● Task item: Leaving out all pictures, copy the lines below exactly, from the line with "专业案例（给排水）,章节练习,建筑给排水工程" to the last line, both ends included.
+++ Source data +++
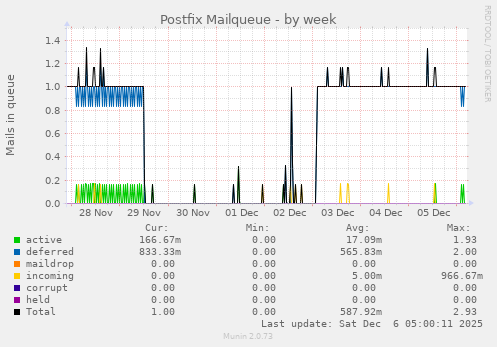 Postfix Mailqueue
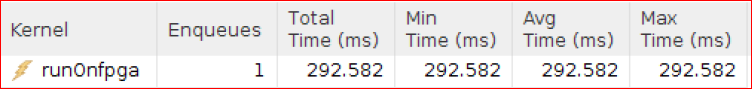 ../../../_images/kernel_4_profile_1.PNG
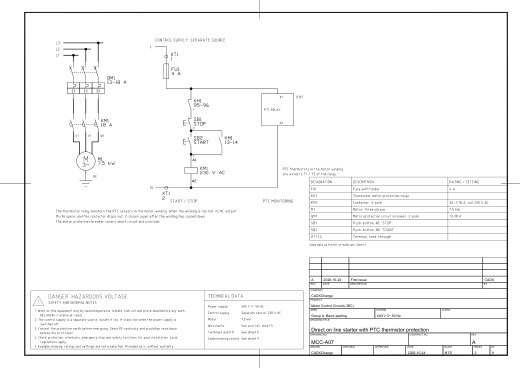 A07 Direct on line starter with PTC thermistor protection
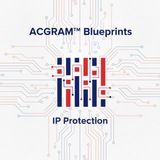 IPGuard: Protect Your IP Before, During & After the Deal | ACGRAM - ACGRAM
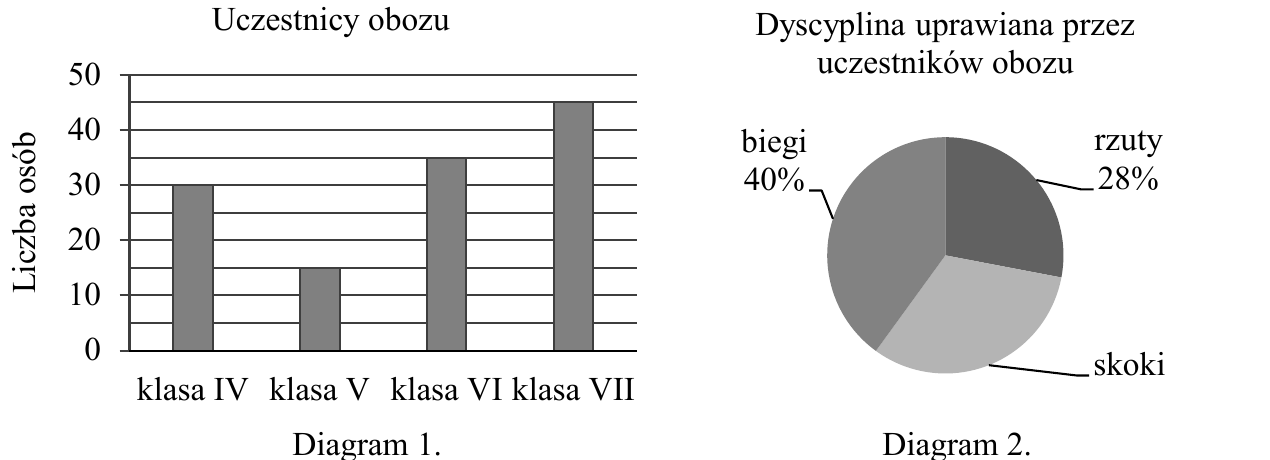 Rysunek do zadania 1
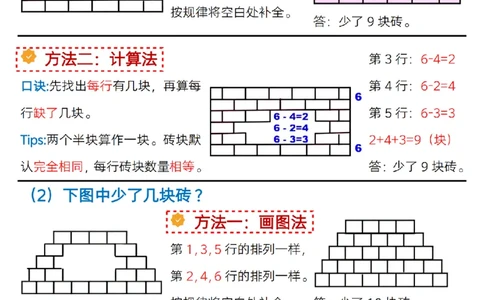 3.19一年级数学下册全册考点知识汇总_一年级上下册资料_小学一年级学习资料-25年更新版_1-04、小学一年级数学下册_1-4-2、练习题、作业、试题、试卷_通用_通用重点必背+专项练习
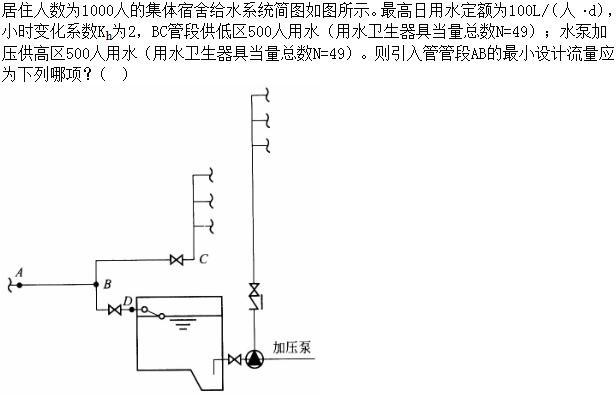 专业案例（给排水）,章节练习,建筑给排水工程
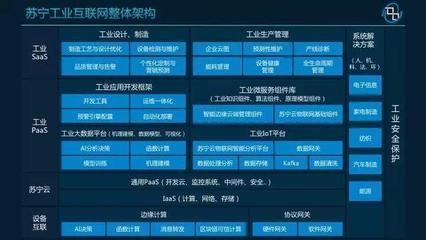 南京软博会|苏宁物观助力多场景解决方案、打造万物互联网络技术研究开发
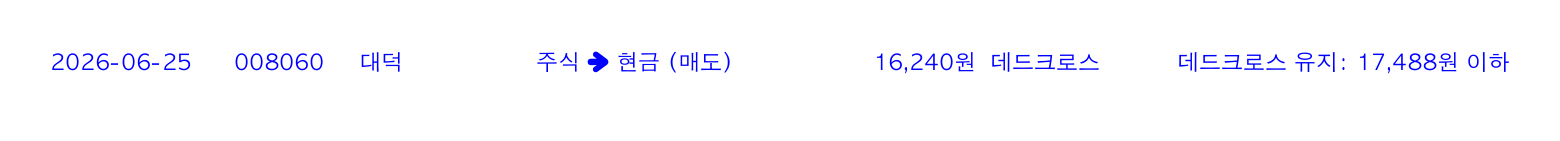 포지션 변화 알림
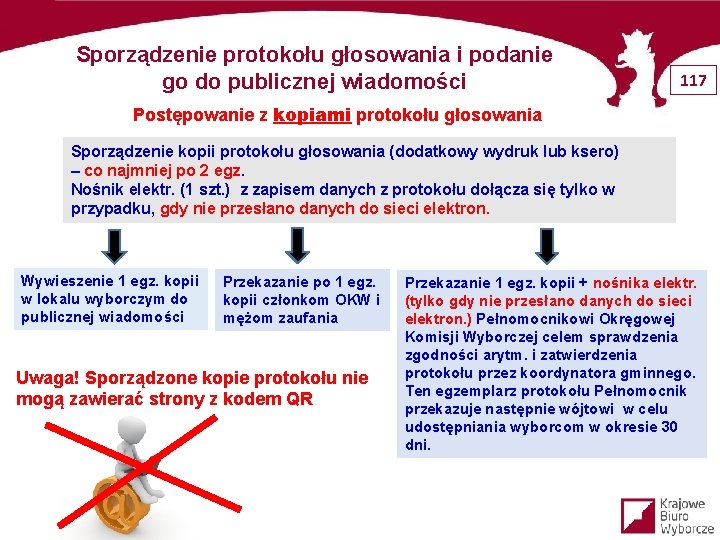 Sporządzenie protokołu głosowania i podanie go do publicznej wiadomości 117 Postępowanie z kopiami protokołu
+++
● Solution to this task:
 专业案例（给排水）,章节练习,建筑给排水工程
 南京软博会|苏宁物观助力多场景解决方案、打造万物互联网络技术研究开发
 포지션 변화 알림
 Sporządzenie protokołu głosowania i podanie go do publicznej wiadomości 117 Postępowanie z kopiami protokołu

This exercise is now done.